- Description of the task: Among the lines below, output only those between the line holding "#8/8 Irish Defeat" and the line holding "WHITE FRESHWATER PEARLS", inclusive, exactly as written and with no pictures.

- Input for this task:
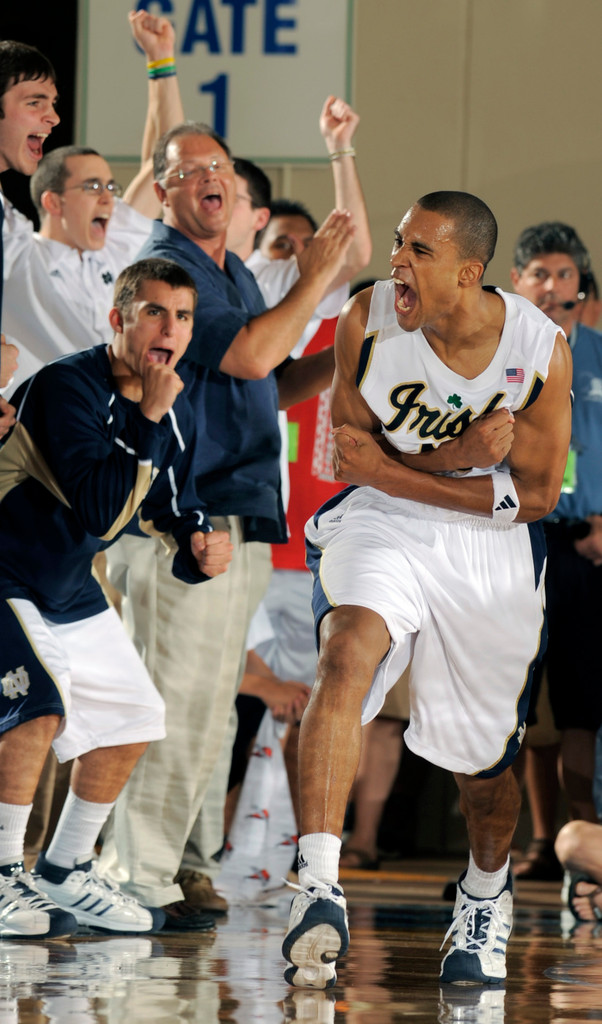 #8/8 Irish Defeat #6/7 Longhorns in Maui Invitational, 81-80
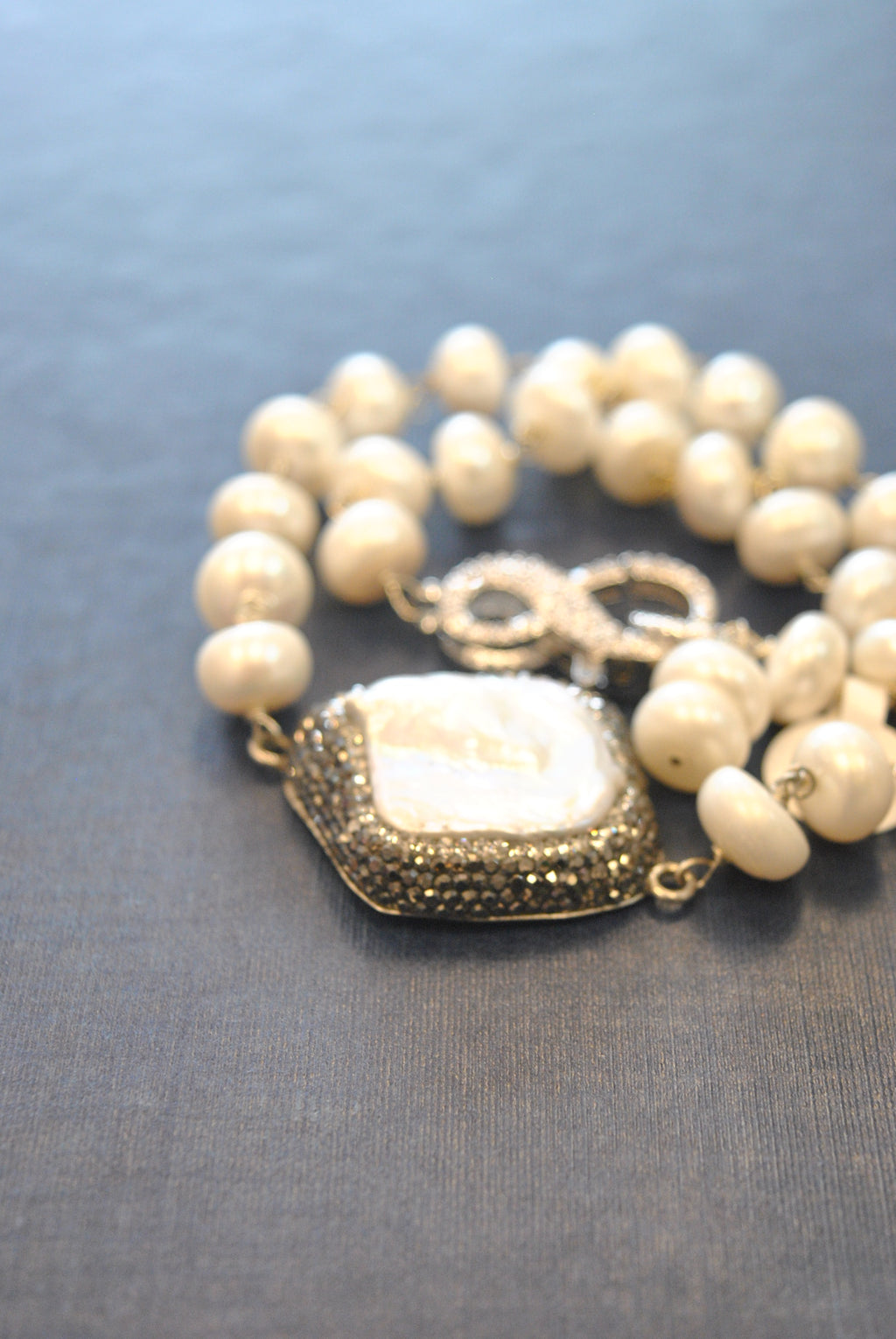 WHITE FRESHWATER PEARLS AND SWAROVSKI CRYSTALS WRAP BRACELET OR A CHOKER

---

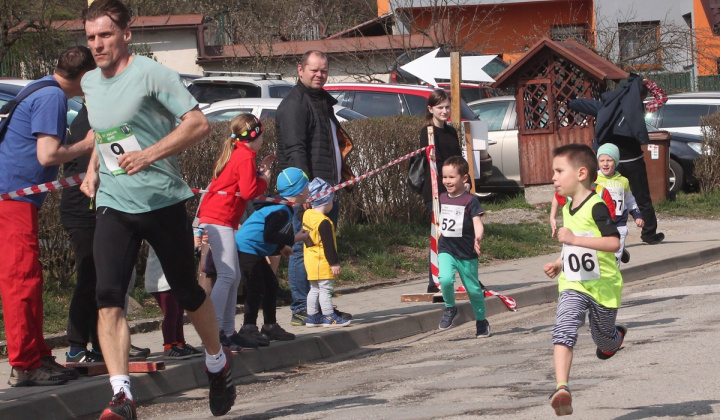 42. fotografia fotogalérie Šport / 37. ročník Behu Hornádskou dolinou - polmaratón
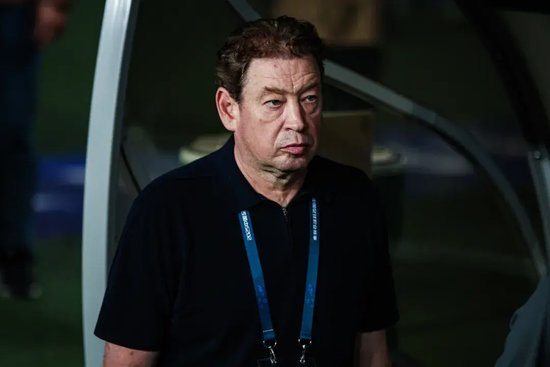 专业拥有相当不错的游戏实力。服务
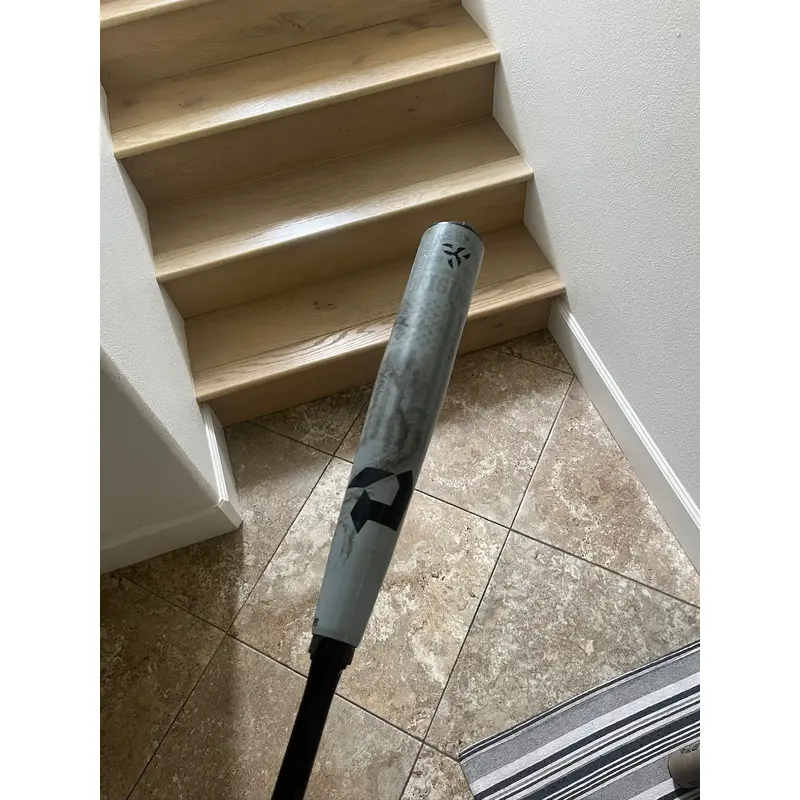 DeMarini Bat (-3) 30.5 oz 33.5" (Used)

- Output for this task:
 #8/8 Irish Defeat #6/7 Longhorns in Maui Invitational, 81-80
 WHITE FRESHWATER PEARLS AND SWAROVSKI CRYSTALS WRAP BRACELET OR A CHOKER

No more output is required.